The facts behind Gurira’s decision are easy enough to understand. The way in which it will all play out for Michonne? A little bit more challenging to put together.
Since Rick’s presumed death, Michonne has assumed a central leadership role within Alexandria, not to mention the actual Walking Dead narrative. As the mother of Sheriff Grimes’ children, and as one of the most prolific zombie killers in the drama’s history, Michonne has rightly stepped up over the course of season nine. Imagining the story moving on without her — especially as the Whisperer conflict is about to start gearing up — is almost, well, unimaginable.
Thankfully, Lincoln’s transition from series regular to star of a Walking Dead TV movie franchise makes it easier to picture Gurira’s shifting relationship with The Walking Dead. The door is now wide open for some of the franchise’s most iconic players to bow out without having their characters bitten and turned, or beaten to death with a baseball bat. Not only can Michonne survive moving on from The Walking Dead TV series, she almost certainly will; a reunion with Rick before too long is virtually guaranteed.
In fact, will Rick be the reason Michonne leaves in the first place? It’s a tempting notion, Michonne catching wind of Rick’s continued survival and deciding to venture out into the wild to find her lost love. But if such news hits the Alexandria Safe Zone, why in the world would Daryl Dixon (Norman Reedus) stick around? He’s been rudderless without his best friend and would not be leaving much behind to resume the search for Rick. Whatever draws Michonne away from the community, then, can’t be powerful enough to lure Daryl away as well — unless Michonne gives him a serious “These people need you” speech.
Michonne’s departure from The Walking Dead proper will also either mean the simultaneous departure of her two children, Judith (Cailey Fleming) and R.J. (Antony Azor), or that she’s leaving her daughter and son behind for an unknown reason. The three of them on the road sounds like a fun deal for us as viewers, but not so fun for them as characters: especially young R.J., only 5 or 6 years old.
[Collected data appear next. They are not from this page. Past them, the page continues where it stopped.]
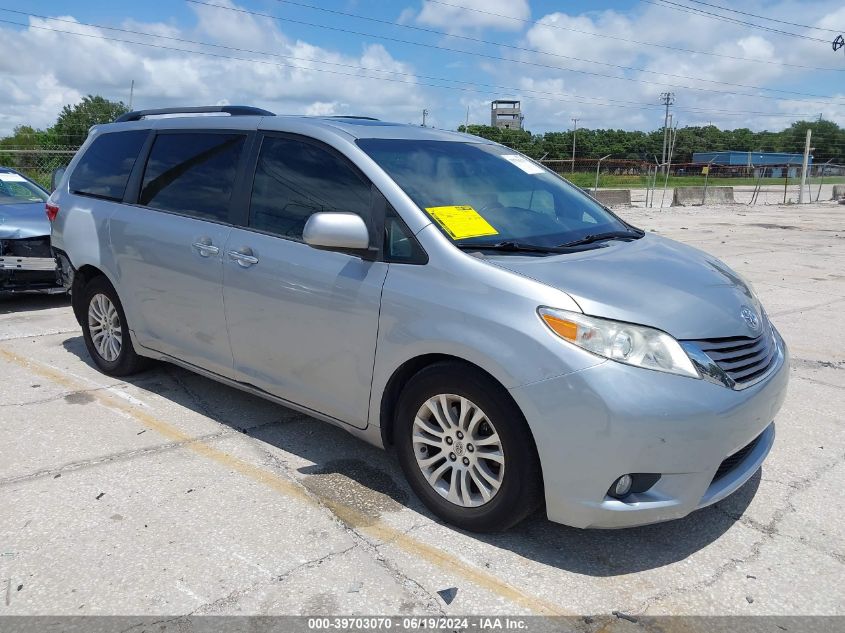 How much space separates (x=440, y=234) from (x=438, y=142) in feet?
3.26

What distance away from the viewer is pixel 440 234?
10.7 ft

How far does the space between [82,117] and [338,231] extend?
4203 cm

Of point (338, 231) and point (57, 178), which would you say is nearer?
point (338, 231)

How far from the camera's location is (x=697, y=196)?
28516 mm

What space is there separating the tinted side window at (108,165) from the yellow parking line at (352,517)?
4.76 ft

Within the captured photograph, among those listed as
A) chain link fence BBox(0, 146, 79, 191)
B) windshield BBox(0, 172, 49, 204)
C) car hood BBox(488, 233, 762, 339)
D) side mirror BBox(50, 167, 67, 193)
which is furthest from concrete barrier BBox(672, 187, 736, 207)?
car hood BBox(488, 233, 762, 339)

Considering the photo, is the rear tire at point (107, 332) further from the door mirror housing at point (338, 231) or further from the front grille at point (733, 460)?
the front grille at point (733, 460)

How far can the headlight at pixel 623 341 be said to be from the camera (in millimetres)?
2760

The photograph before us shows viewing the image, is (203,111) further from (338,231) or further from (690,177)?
(690,177)

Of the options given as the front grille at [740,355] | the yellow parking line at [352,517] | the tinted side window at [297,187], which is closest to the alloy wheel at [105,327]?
the yellow parking line at [352,517]

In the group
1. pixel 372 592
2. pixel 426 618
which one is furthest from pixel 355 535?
pixel 426 618

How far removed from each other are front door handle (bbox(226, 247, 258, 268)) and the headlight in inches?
69.4

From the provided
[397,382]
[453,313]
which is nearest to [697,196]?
[397,382]

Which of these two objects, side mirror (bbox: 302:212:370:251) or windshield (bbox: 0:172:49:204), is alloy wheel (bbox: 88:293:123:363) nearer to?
side mirror (bbox: 302:212:370:251) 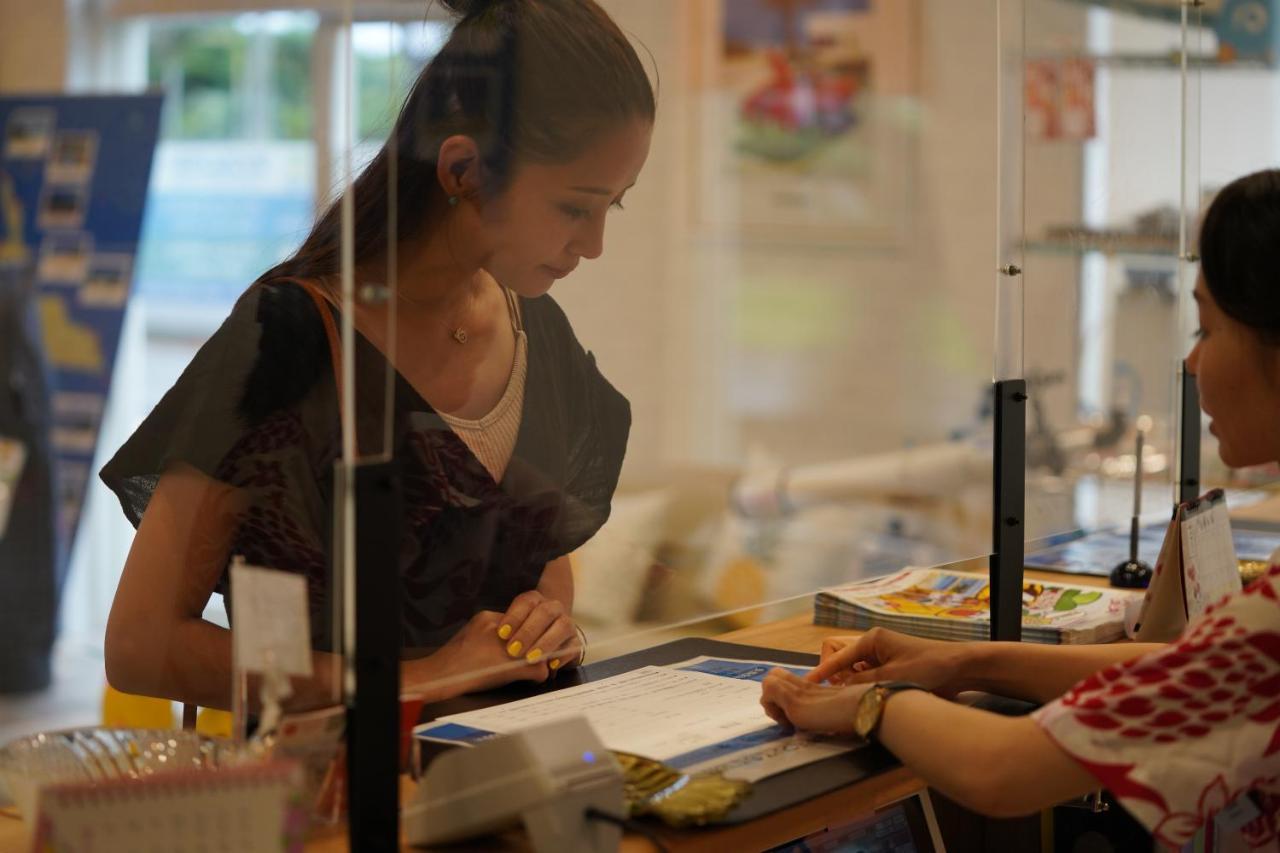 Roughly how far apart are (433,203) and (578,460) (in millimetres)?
370

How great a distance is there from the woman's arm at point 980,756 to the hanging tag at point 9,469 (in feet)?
13.3

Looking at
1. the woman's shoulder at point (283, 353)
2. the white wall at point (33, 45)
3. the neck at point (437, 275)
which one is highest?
the white wall at point (33, 45)

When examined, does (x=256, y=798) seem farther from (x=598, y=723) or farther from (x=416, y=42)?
(x=416, y=42)

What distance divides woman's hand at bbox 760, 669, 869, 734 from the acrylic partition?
111 cm

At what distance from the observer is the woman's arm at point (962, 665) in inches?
61.3

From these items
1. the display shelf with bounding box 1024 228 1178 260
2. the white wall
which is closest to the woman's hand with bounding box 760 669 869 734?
the display shelf with bounding box 1024 228 1178 260

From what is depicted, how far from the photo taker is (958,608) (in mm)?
1969

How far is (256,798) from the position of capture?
1.00 m

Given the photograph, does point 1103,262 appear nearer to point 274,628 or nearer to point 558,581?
point 558,581

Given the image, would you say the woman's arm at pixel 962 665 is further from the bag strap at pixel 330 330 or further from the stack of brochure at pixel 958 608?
the bag strap at pixel 330 330

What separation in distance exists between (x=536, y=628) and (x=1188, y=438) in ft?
3.98

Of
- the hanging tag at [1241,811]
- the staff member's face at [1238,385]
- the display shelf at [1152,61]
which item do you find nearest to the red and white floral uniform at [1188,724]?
the hanging tag at [1241,811]

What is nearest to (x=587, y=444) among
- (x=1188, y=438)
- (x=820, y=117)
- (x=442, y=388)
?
(x=442, y=388)

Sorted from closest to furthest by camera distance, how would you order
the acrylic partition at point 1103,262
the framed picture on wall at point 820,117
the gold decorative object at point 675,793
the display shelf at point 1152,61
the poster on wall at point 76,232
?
the gold decorative object at point 675,793 < the acrylic partition at point 1103,262 < the display shelf at point 1152,61 < the poster on wall at point 76,232 < the framed picture on wall at point 820,117
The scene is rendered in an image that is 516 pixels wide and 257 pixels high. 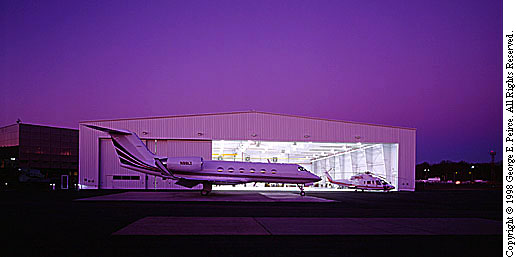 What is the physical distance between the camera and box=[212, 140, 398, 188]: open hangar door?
39938mm

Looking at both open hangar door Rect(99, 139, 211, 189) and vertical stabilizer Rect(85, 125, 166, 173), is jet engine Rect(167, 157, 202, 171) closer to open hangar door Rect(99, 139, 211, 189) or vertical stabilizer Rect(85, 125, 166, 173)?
vertical stabilizer Rect(85, 125, 166, 173)

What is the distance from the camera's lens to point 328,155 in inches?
2165

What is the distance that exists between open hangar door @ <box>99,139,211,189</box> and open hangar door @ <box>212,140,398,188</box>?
335 cm

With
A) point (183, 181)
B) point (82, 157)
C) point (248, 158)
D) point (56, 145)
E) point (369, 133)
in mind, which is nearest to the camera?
point (183, 181)

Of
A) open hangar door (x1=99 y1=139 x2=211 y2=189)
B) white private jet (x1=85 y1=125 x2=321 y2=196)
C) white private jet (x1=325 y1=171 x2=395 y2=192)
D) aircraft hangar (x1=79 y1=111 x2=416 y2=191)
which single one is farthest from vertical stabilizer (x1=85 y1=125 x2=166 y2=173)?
white private jet (x1=325 y1=171 x2=395 y2=192)

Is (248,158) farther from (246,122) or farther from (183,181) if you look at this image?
(183,181)

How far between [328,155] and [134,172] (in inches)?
1163

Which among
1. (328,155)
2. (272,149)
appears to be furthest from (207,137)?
(328,155)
Perhaps that could be part of Michonne’s appeal to Daryl, that she needs him to watch over her children — Rick’s children — while she finds their lost loved one?
In the Walking Dead comic books from Robert Kirkman and Charlie Adlard, there are a few periods of time where Michonne goes missing. The most recent instance involves her reuniting with a loved one, albeit in a very different context, and one that’s absolutely central to the ongoing Walking Dead story; how the AMC adaptation plans to handle that situation remains to be seen. Less recently, Michonne hit the high seas in order to find supplies for the Alexandrians. Might we finally see “Pirate Michonne,” as she’s affectionally called? Fingers and toes are well and firmly crossed.
While it’s easy to track the circumstances leading up to her exit, and while there are now many ways for Michonne to leave but still survive, thanks to the Rick Grimes roadmap, Gurira’s departure from a series-regular commitment is a big challenge for the drama she leaves behind. Creatively, The Walking Dead is currently as strong as it’s ever been, thanks to the sturdy leadership of showrunner Angela Kang, not to mention a series of time-jumps that infused the story with a new sense of purpose and energy. But as The Hollywood Reporter‘s own Dan Fienberg rightly asked, are these improvements too little, too late? Without Gurira, is the new crop of cast members strong enough to hold the audience’s investment, even if led by Norman Reedus and Melissa McBride’s iconic Daryl and Carol?
The powers that be will need to make sure fans are invested in the other new characters, and fast, in order to survive an era without Rick, Maggie and Michonne. (Perhaps it’s time to call it on Fear the Walking Dead, and bring back Lennie James’ Morgan, along with other highlights from the Fear roster?) Even then, as AMC’s flagship drama marches onward to its recently announced 10th season while its star players eye the door for a less time-consuming commitment, perhaps it’s time for the creative minds behind The Walking Dead to think about whether the series needs to continue or if it’s time to move on and evolve, just like Michonne.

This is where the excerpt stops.